IBM C and C++ Compilers supports both stream and low-level I/O. The primary difference between the two types of I/O is that low-level I/O leaves the responsibility of buffering and formatting up to you.

In general, you should not mix input or output from low-level I/O with that from stream I/O. The only way to communicate between stream I/O and low-level I/O is by using the fdopen or fileno functions.

The low-level I/O functions include:

access dup2 isatty stat
chmod __eof lseek _tell
_chsize fdopen open umask
close _filelength read write
creat fileno _setmode  
dup fstat _sopen  

When you use the low-level I/O functions, you should be aware of the following:

  1. A handle is a value that identifies a file. It is created by the system and used by low-level I/O functions.

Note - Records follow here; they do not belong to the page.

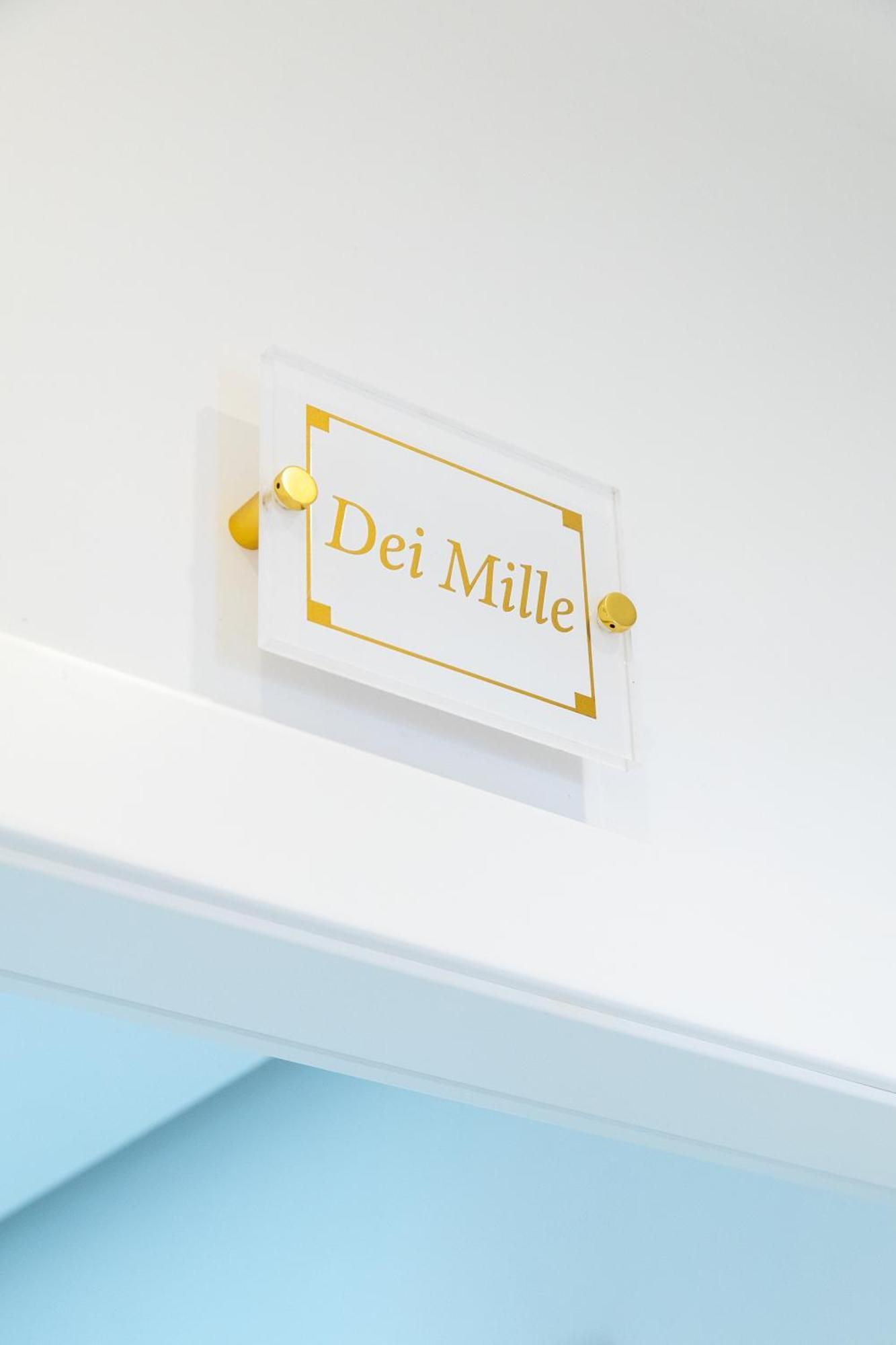 La Corte Dei Mille Luxury Napoli Eksteriør billede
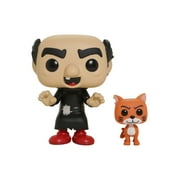 Funko POP Animation The Smurfs Gargamel and Azrael 273 Vinyl Figures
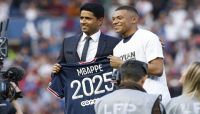 تقارير صحافية تكذب PSG بخصوص عقد كليان مبابي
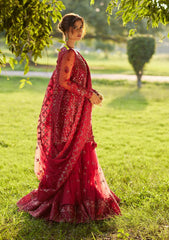 Formal Collection - Qalamkar - Shadmani - Luxury Formals - SH#07 - Nurah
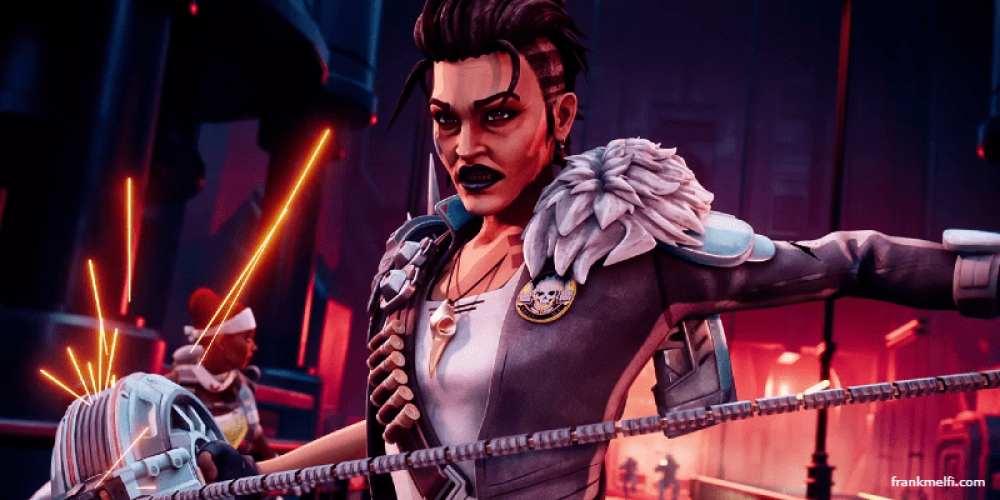Post article image New Animated Series Adds Fresh Twist to Apex Legends' Lore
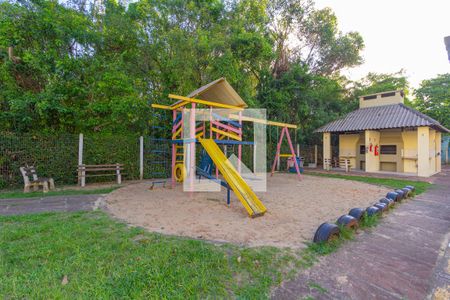 Área comum de apartamento para alugar com 2 quartos, 44m² em Olaria, Canoas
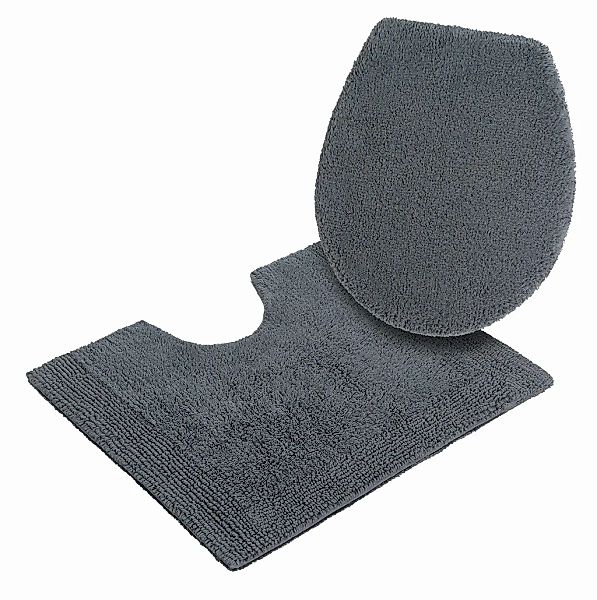 my home Badematte Kapra, Badvorleger, Badezimmer günstig online kaufen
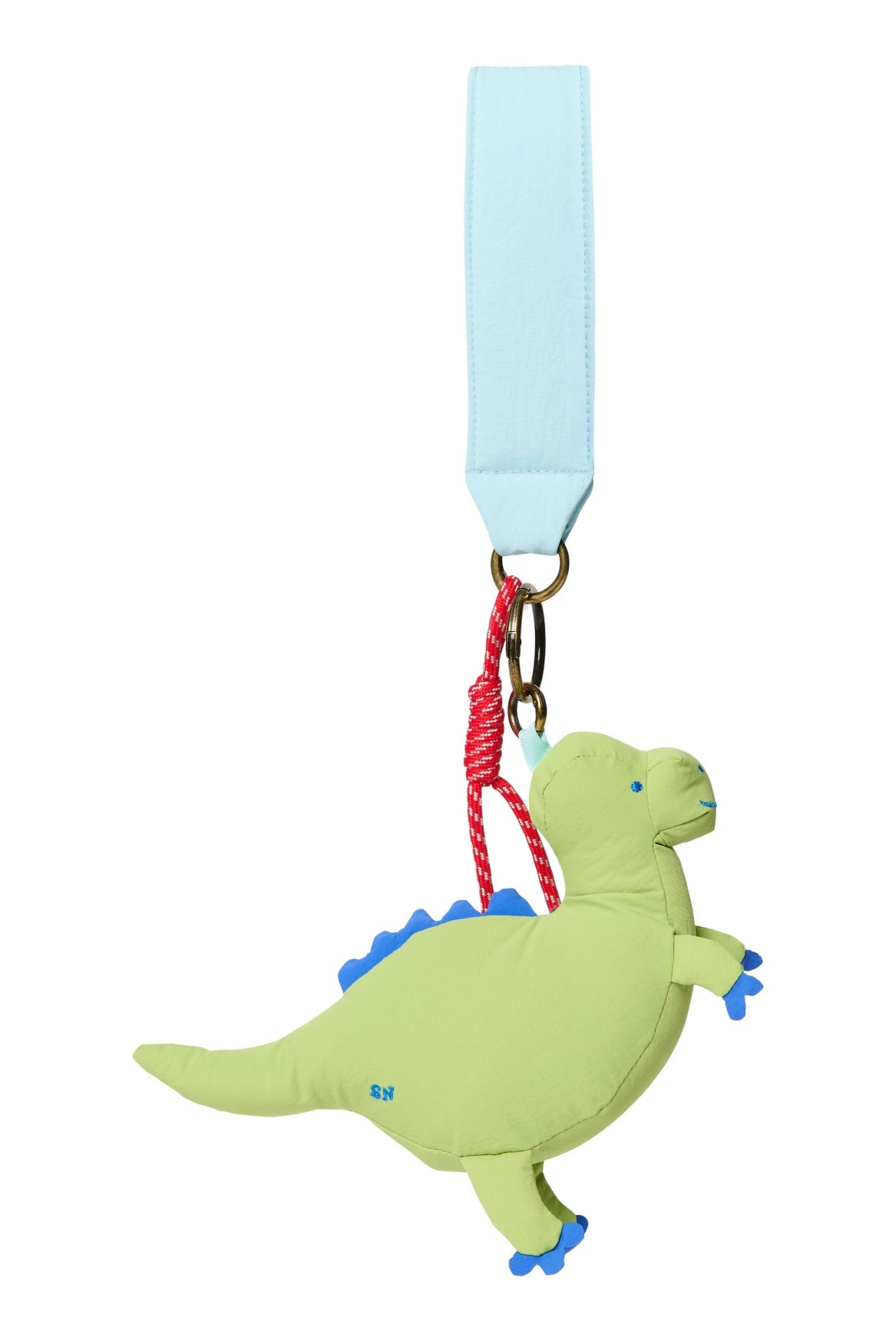 Pearls and Swines Studio Noos - Bag Charm - T-Rex - Pearls & Swines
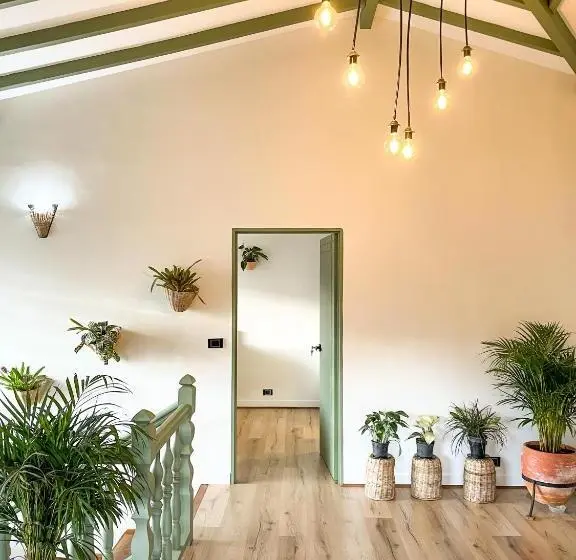 スタンダードルーム, Casa Dulces Del Jardín
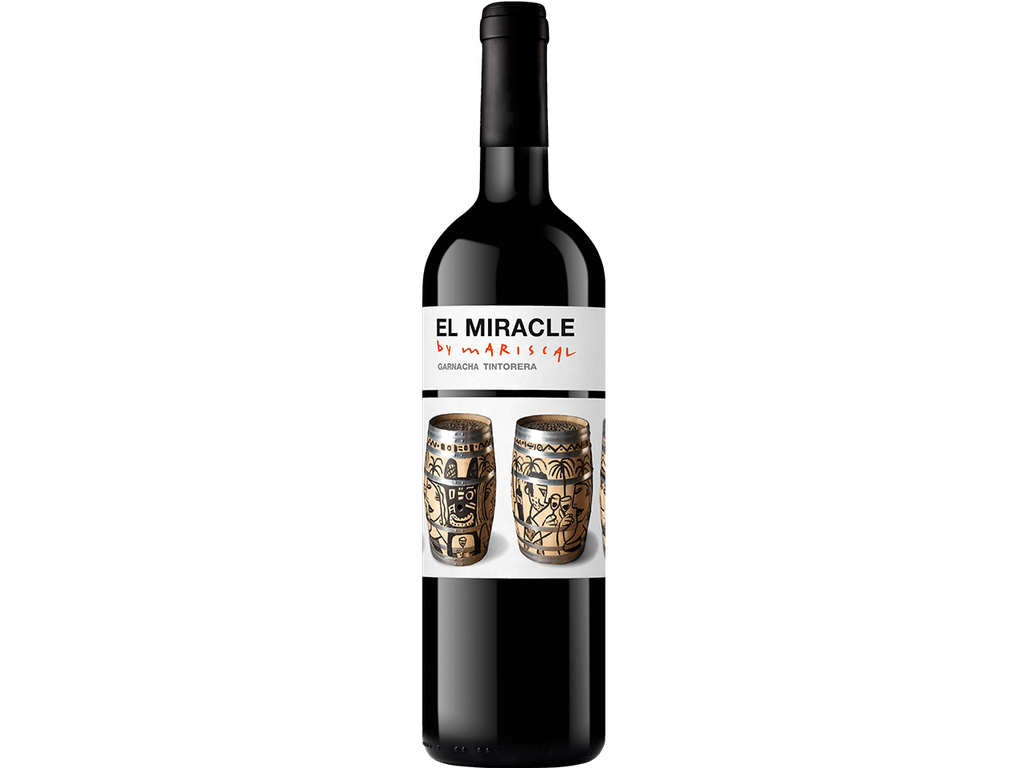 Miracle Mariscal Garnacha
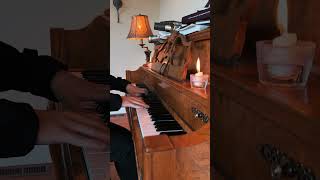 Marleybone Theme from Wizard101 Piano Cover  Joshua Kyan Aalampour 11102024 [upl. by Durand111]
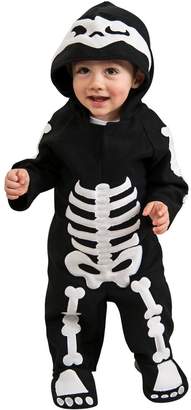 Rubie's Costume Co Costume Baby Skeleton Romper Costume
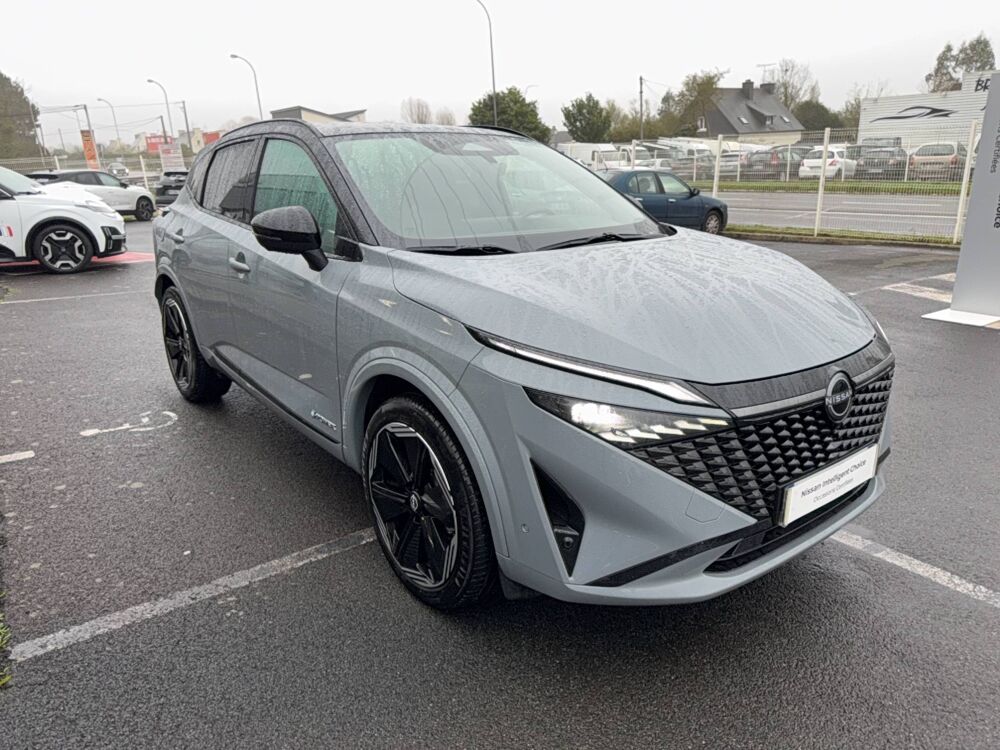 Qashqai e-Power 190 ch 2025 occasion 22300 Lannion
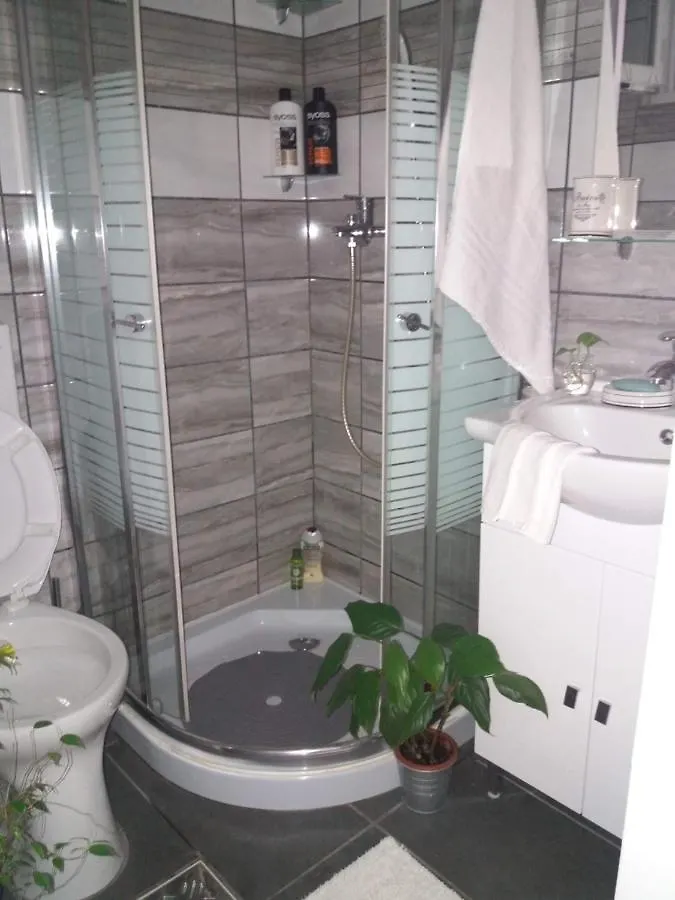 Studio Gizella Budapest Apartment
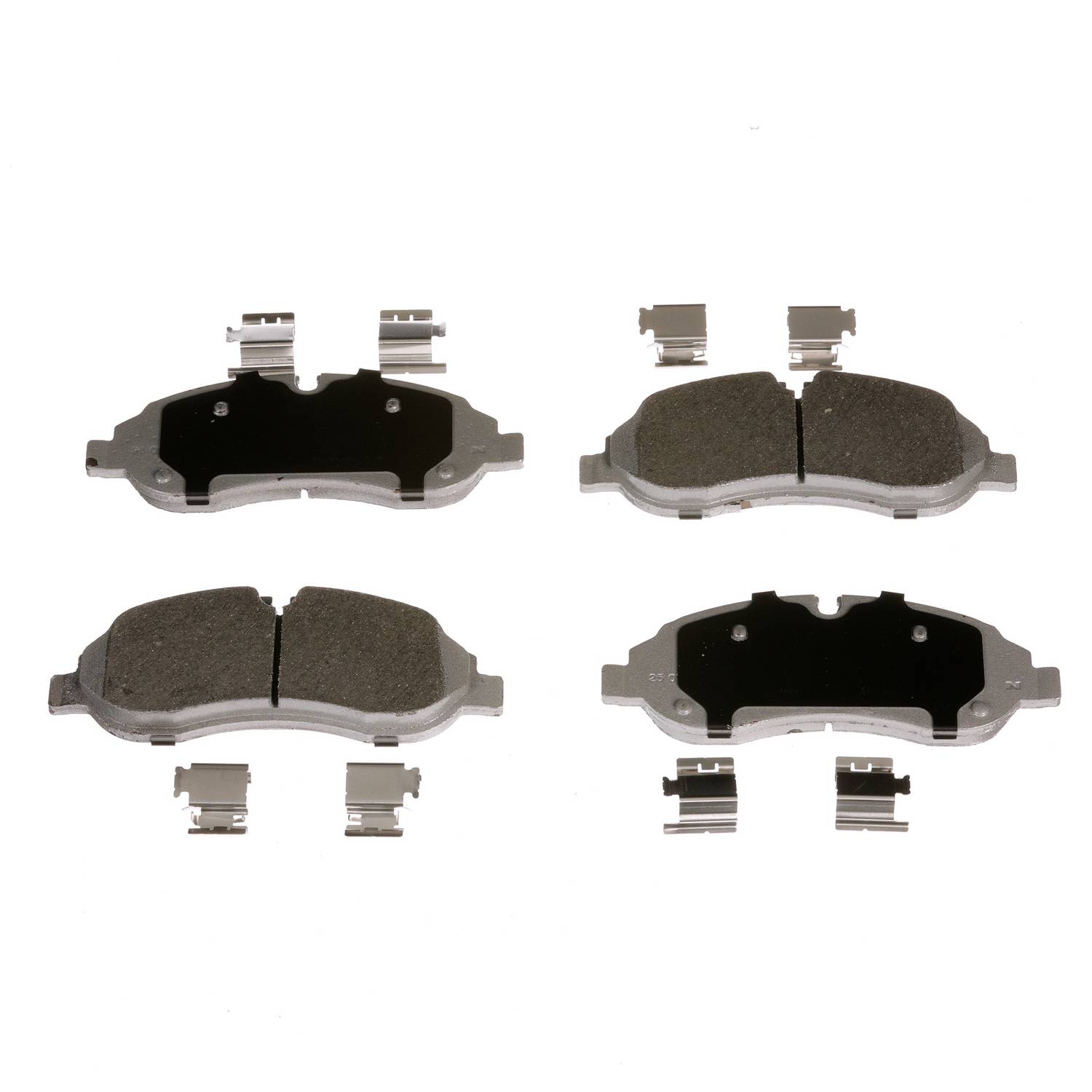 その他 mxx4_ Wagner ThermoQuiet Front Semi-Metallic Brake Pads MX1774 | O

    For OS/2, the handle returned by low-level I/O functions like open (called the C handle) is the same as that returned by DosOpen (called the API handle). As a result, you can get a file handle using the low-level I/O functions, and then use it with system APIs. Consequently, you can pass handles between library environments without restriction. If you acquire a handle other than by using the IBM C and C++ Compilers library functions open, creat, _sopen, or fileno, you must run _setmode for that handle before you use it with other IBM C and C++ Compilers library functions.

    Portability Note: If you will be compiling your programs with other compilers, do not write code that depends on the file handles being the same.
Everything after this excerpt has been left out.